The interaction of Primary Safety Net and Shadow Safety Net during message resubmission is described in the following scenario.

  1. Active Manager requests a resubmission of messages from Safety Net for a mailbox database for the time interval 5:00 to 9:00. However, the Mailbox server that holds the Primary Safety Net has crashed due to a hardware failure. Active Manager repeatedly tries to contact the Primary Safety Net for 12 hours.

  2. After 12 hours, Active Manager sends a broadcast message to the Transport service on all Mailbox servers in the transport high availability boundary looking for other Safety Nets that contain messages for the target mailbox database for the time interval 5:00 to 9:00. The Shadow Safety Net responds are resubmits messages for the mailbox database for the time interval 5:00 to 9:00.

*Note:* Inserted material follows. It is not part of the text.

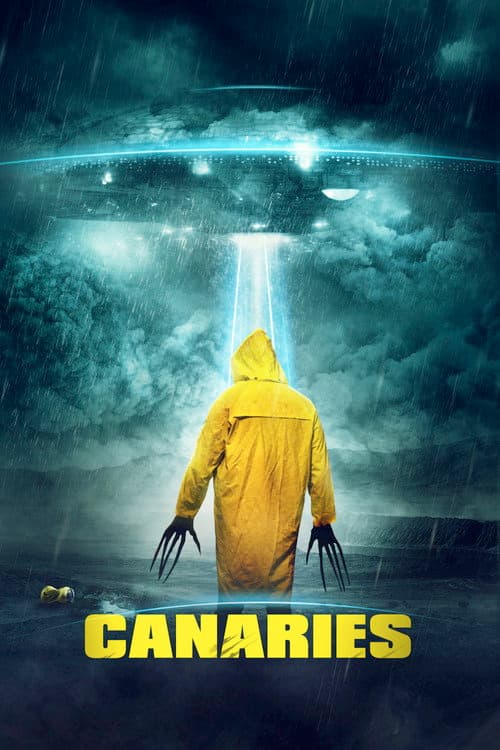 Poster for Canaries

An interesting interaction occurs if the Primary Safety Net was offline during part of the requested resubmit interval as described in the following scenario.

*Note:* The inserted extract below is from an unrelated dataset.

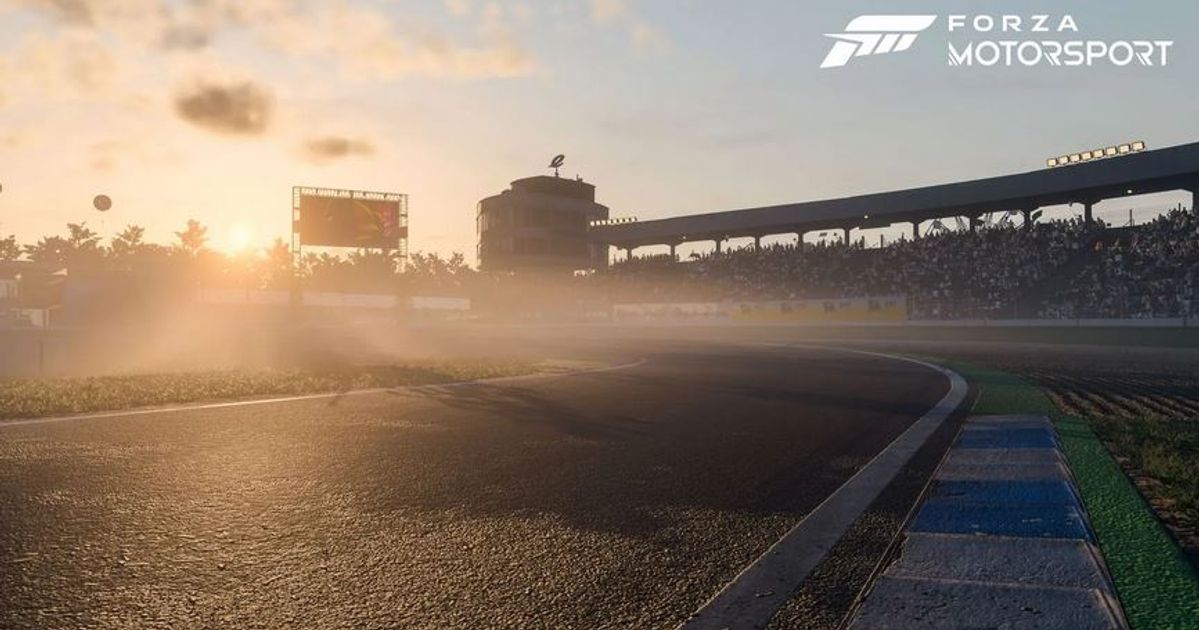 Forza Motorsport Update 3 Out Now: Hockenheimring, Contemporary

  1. The queue database on Mailbox server that holds the Primary Safety Net is corrupt, and a new queue database is created at 7:00. All of the primary messages stored in the Primary Safety Net from 1:00 to 7:00 are lost, but the server is able to store copies of successfully delivered messages in Safety Net starting at 7:00.

  2. Active Manager requests a resubmission of messages from Safety Net for a mailbox database for the time interval 1:00 to 9:00.

  3. The Primary Safety Net resubmits messages for the time interval 7:00 to 9:00.

  4. The Primary Safety Net sends a broadcast message to the Transport service on all Mailbox servers in the transport high availability boundary looking for other Safety Nets that contain messages for the target mailbox database for the time interval 1:00 to 7:00 for which the Primary Safety Net has no message. The Shadow Safety Net generates a second resubmit request on behalf of the Primary Safety Net for resubmitting the shadow messages for the target mailbox database for the time interval 1:00 to 7:00.

There are some other issues to consider when messages are resubmitted from Safety Net.

  1. All delivery status notifications (DSNs) and non-delivery reports (NDRs) are suppressed for Safety Net resubmits. For example, if the primary message resulted in an NDR, the NDR for the resubmitted message won't be delivered.

  2. Users removed from a distribution group may not receive a resubmitted message when the Shadow Safety Net resubmits the message. For example, a message is sent to a group containing User A and User B, and both recipients receive the message. User B is subsequently removed from the group. Later, a resubmit request from Primary Safety Net is made for the mailbox database that holds User B's mailbox. However, the Primary Safety Net is unavailable for more than 12 hours, so the Shadow Safety Net server responds and resubmits the affected message. During resubmission when the distribution group is expanded, User B isn't a member of the group, and won't receive a copy of the resubmitted message.

  3. New Users added to a distribution group may receive an old resubmitted message when the Shadow Safety Net resubmits the message. For example, a message is sent to a group containing User A and User B, and both recipients receive the message. User C is subsequently added to the group. Later, a resubmit request from Primary Safety Net is made for the mailbox database that holds User C's mailbox. However, the Primary Safety Net server is unavailable for more than 12 hours, so the Shadow Safety Net server responds and resubmits the affected messages. During resubmission when the distribution group is expanded, User C is a member of the group, and will receive a copy of the resubmitted message.